:: Provided material ::

╭──

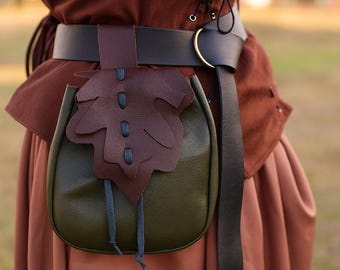 Elven Leaf Belt Bag, Medieval Viking Leather Belt Pouch, Ren Faire Steampunk Waist Bag, Fantasy Cosplay Pirate Waist Belt Accessory for LARP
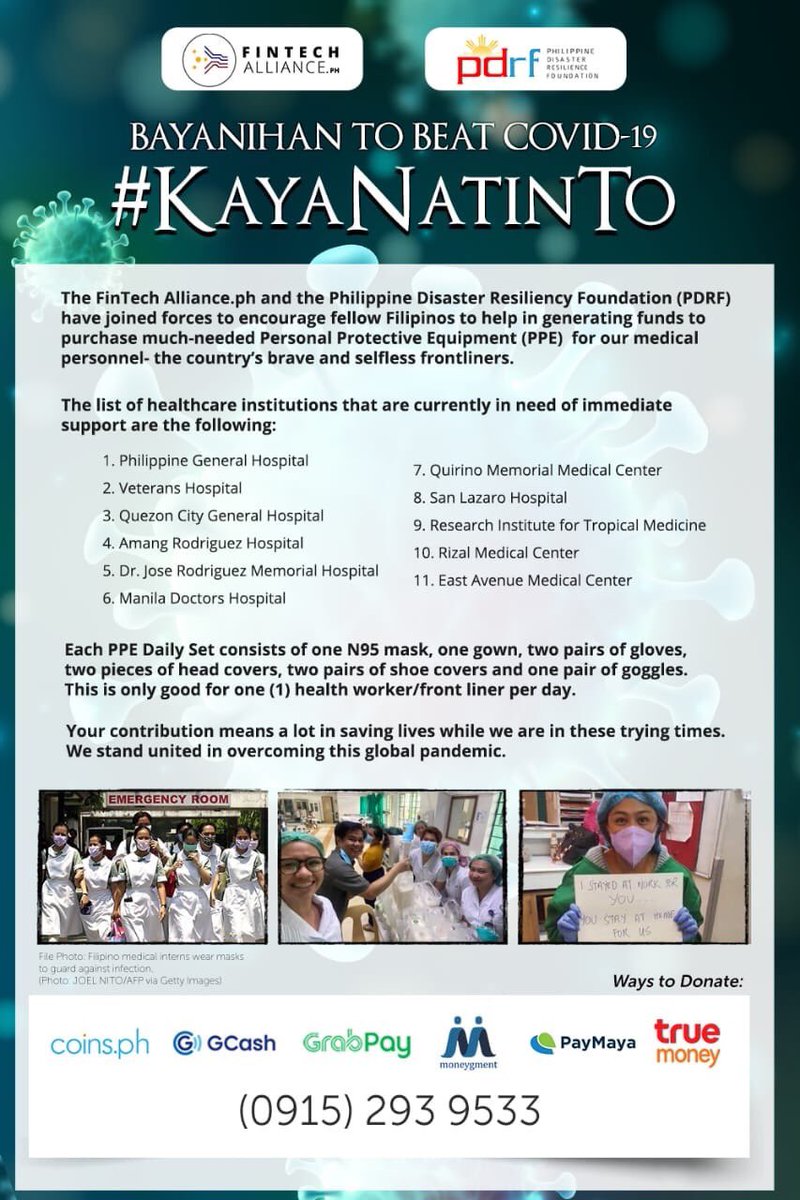 PHVoyager's tweet photo. @PayMayaOfficial is one with FintechAlliancePh and Philippine Disaster Resiliency Foundation to drive donations for the purchase of Personal Protective Equipment (PPE) for our frontliners. 

To donate, Send Money using PayMaya to 0915 292 9533. Together, we’re #OneAgainstCOVID19. https://t.co/kcNsybIgqi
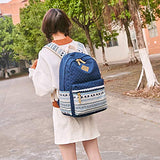 School Backpack for Girls,Hey Yoo Printed Canvas Casual Bookbag Backpack for Girls School (blue)
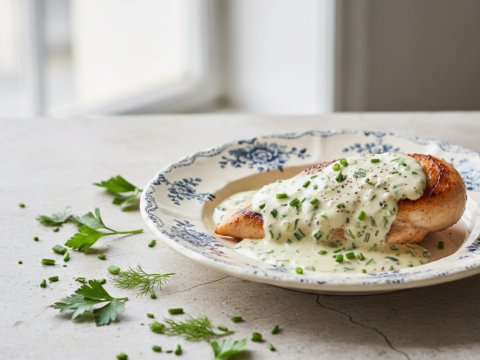 Recette Blanc de poulet sauce boursin au Cookeo - Plat principal Française - Photo du plat prêt à déguster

╰──

:: Exercise objective ::
Please repeat every record exactly, leaving the pictures out.

:: Result for this exercise ::
 Elven Leaf Belt Bag, Medieval Viking Leather Belt Pouch, Ren Faire Steampunk Waist Bag, Fantasy Cosplay Pirate Waist Belt Accessory for LARP
 PHVoyager's tweet photo. @PayMayaOfficial is one with FintechAlliancePh and Philippine Disaster Resiliency Foundation to drive donations for the purchase of Personal Protective Equipment (PPE) for our frontliners. 

To donate, Send Money using PayMaya to 0915 292 9533. Together, we’re #OneAgainstCOVID19. https://t.co/kcNsybIgqi
 School Backpack for Girls,Hey Yoo Printed Canvas Casual Bookbag Backpack for Girls School (blue)
 Recette Blanc de poulet sauce boursin au Cookeo - Plat principal Française - Photo du plat prêt à déguster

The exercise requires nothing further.